§ Supplied entries
————

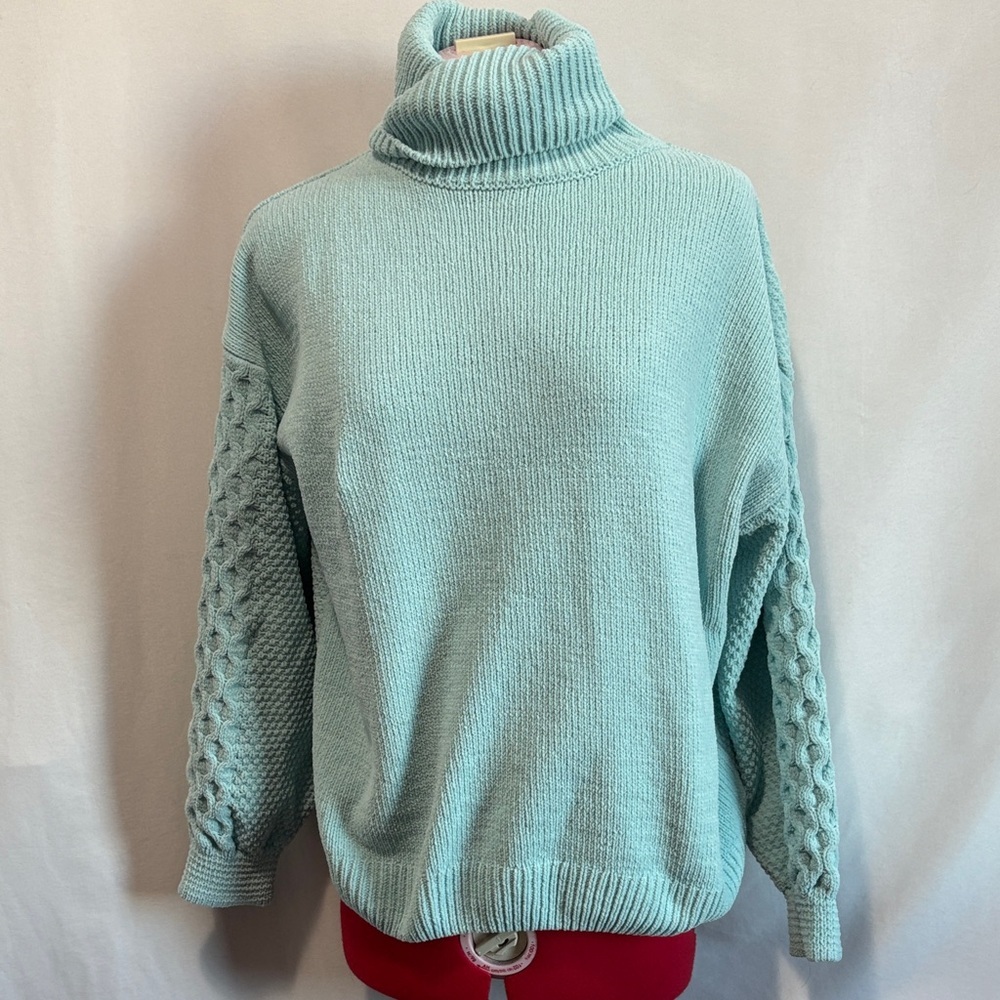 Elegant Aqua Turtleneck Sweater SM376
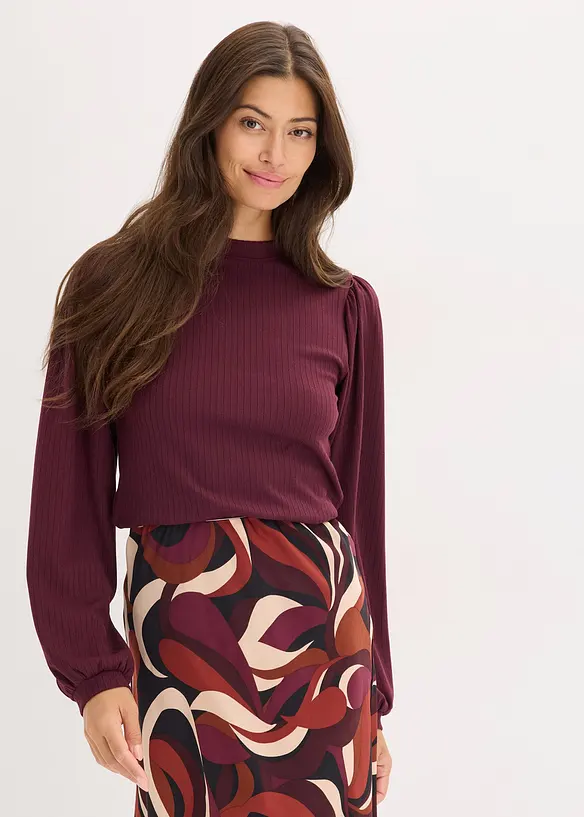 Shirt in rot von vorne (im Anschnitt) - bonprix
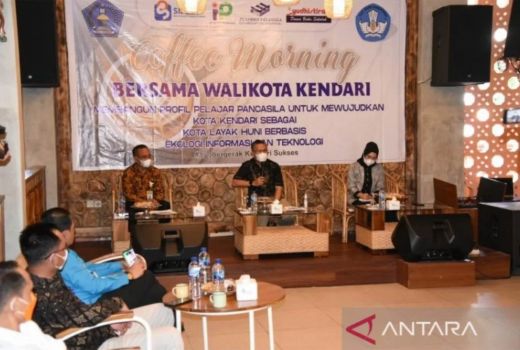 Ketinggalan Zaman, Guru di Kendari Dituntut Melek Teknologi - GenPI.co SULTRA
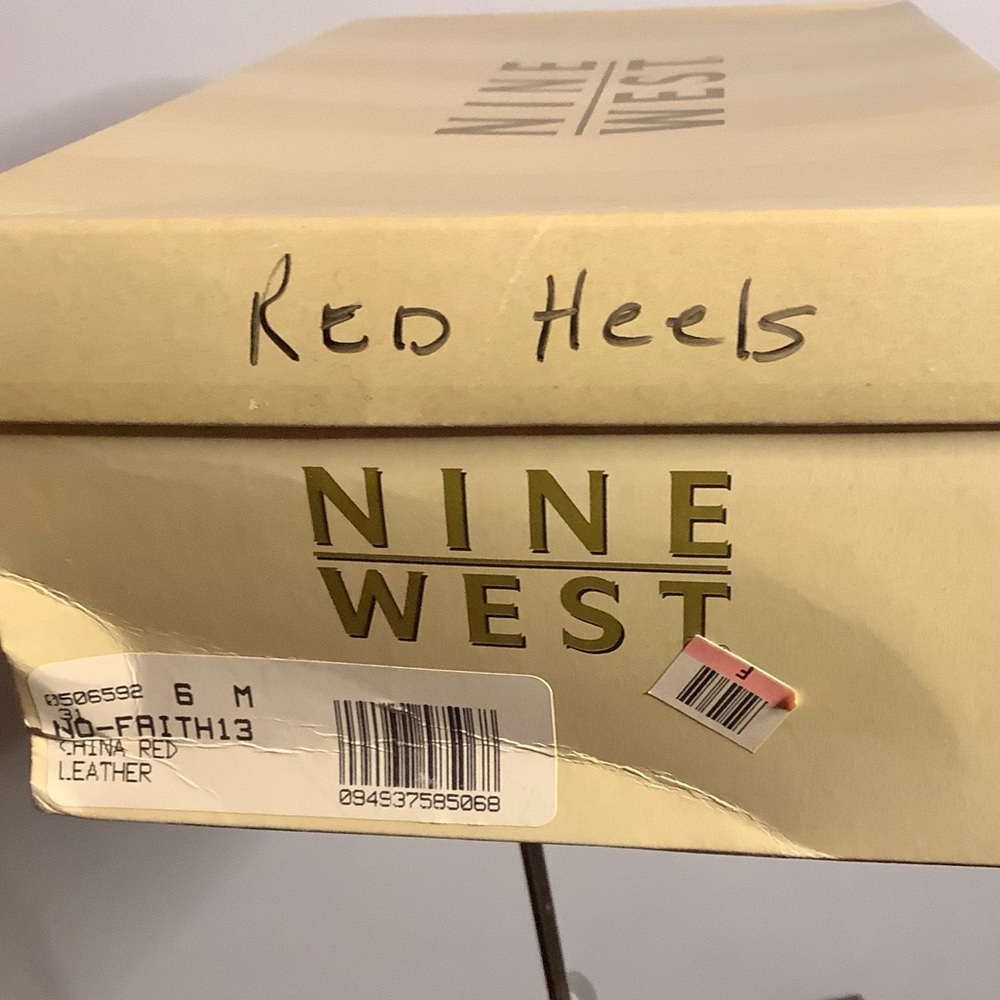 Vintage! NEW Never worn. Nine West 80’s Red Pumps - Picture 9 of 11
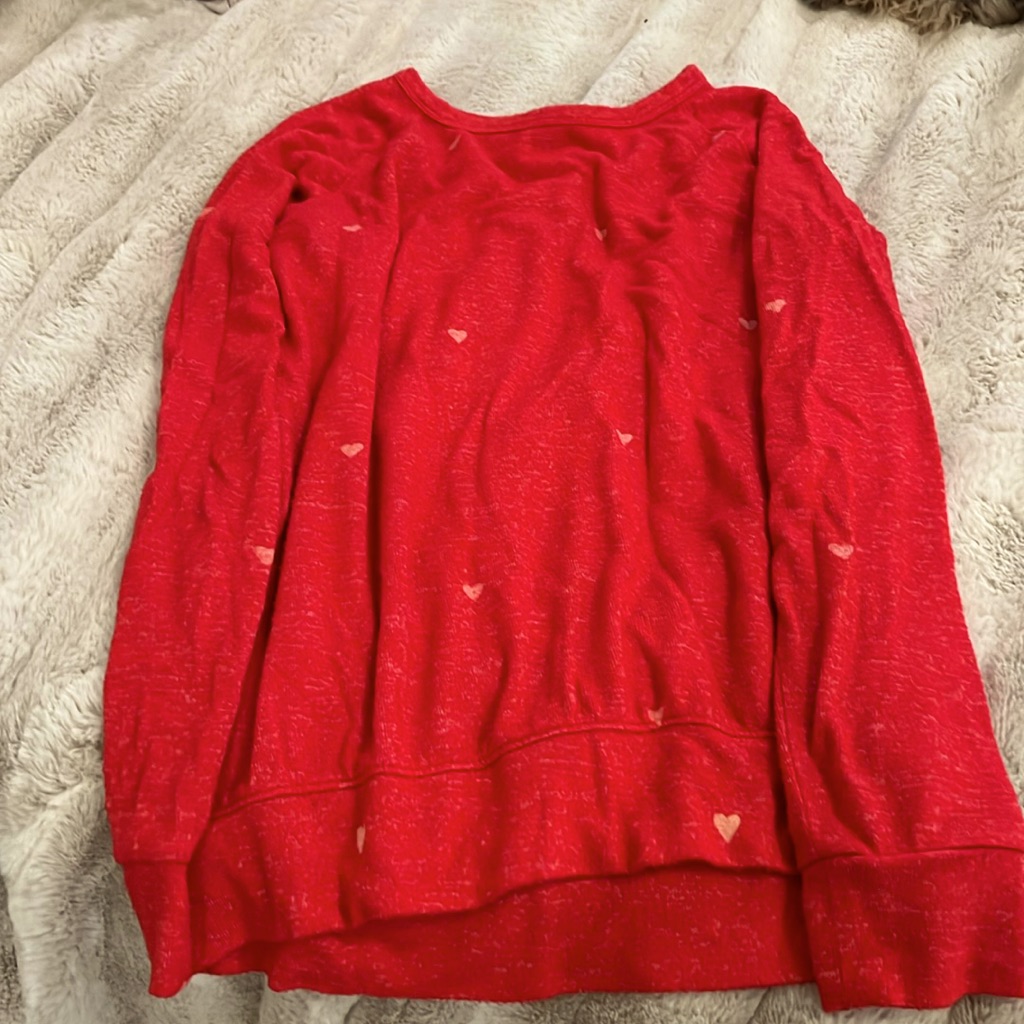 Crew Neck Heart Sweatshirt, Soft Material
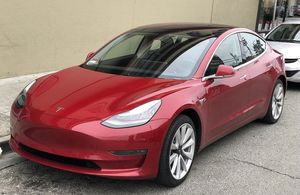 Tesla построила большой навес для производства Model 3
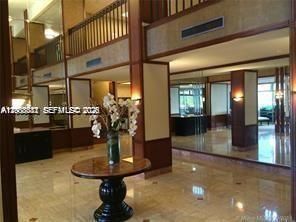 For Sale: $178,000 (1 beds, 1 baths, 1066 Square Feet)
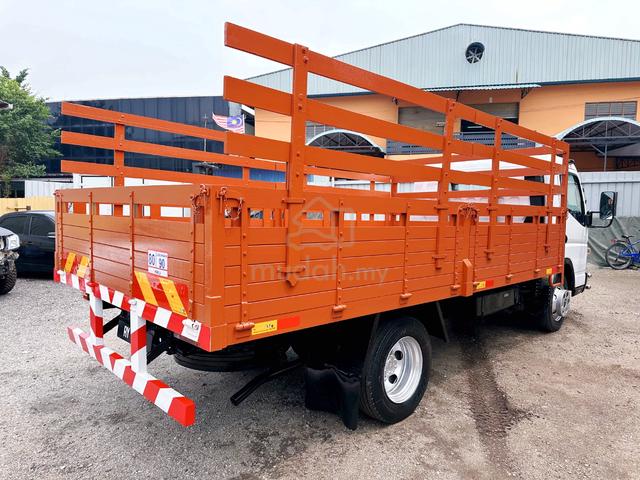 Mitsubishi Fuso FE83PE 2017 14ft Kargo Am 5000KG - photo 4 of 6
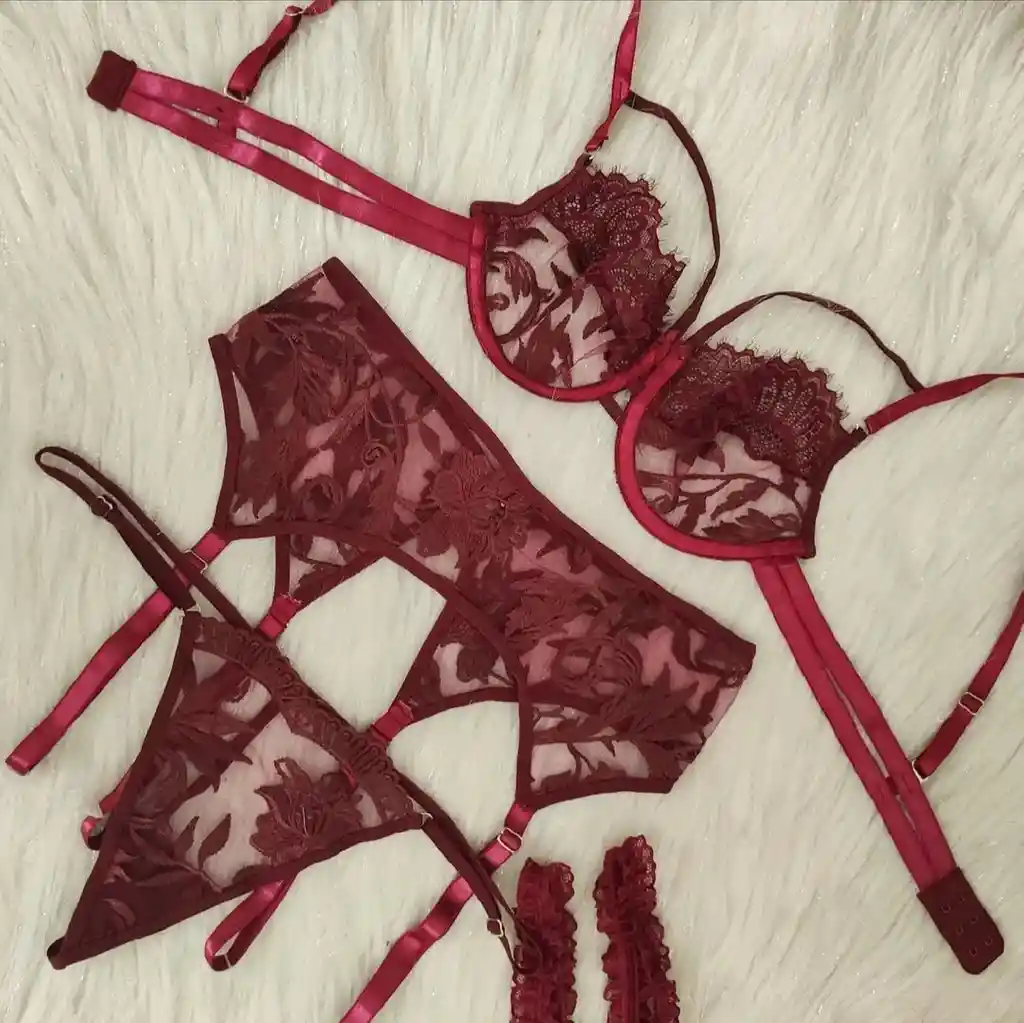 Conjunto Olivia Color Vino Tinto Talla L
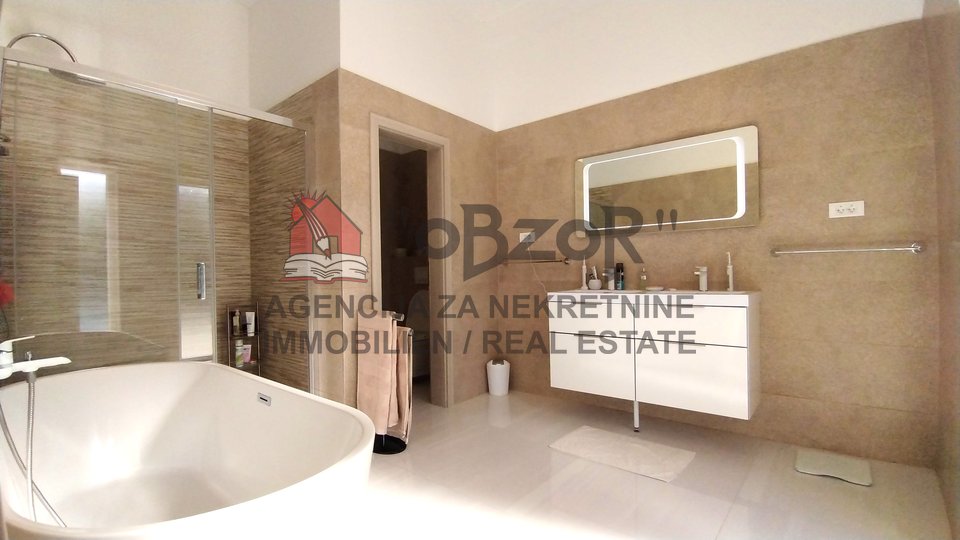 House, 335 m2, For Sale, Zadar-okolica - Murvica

————

§ Directions
In the records above, find the line that contains "Vintage! NEW Never". Retype it and every line after it, exactly, leaving out all pictures.

§ Answer box
 Vintage! NEW Never worn. Nine West 80’s Red Pumps - Picture 9 of 11
 Crew Neck Heart Sweatshirt, Soft Material
 Tesla построила большой навес для производства Model 3
 For Sale: $178,000 (1 beds, 1 baths, 1066 Square Feet)
 Mitsubishi Fuso FE83PE 2017 14ft Kargo Am 5000KG - photo 4 of 6
 Conjunto Olivia Color Vino Tinto Talla L
 House, 335 m2, For Sale, Zadar-okolica - Murvica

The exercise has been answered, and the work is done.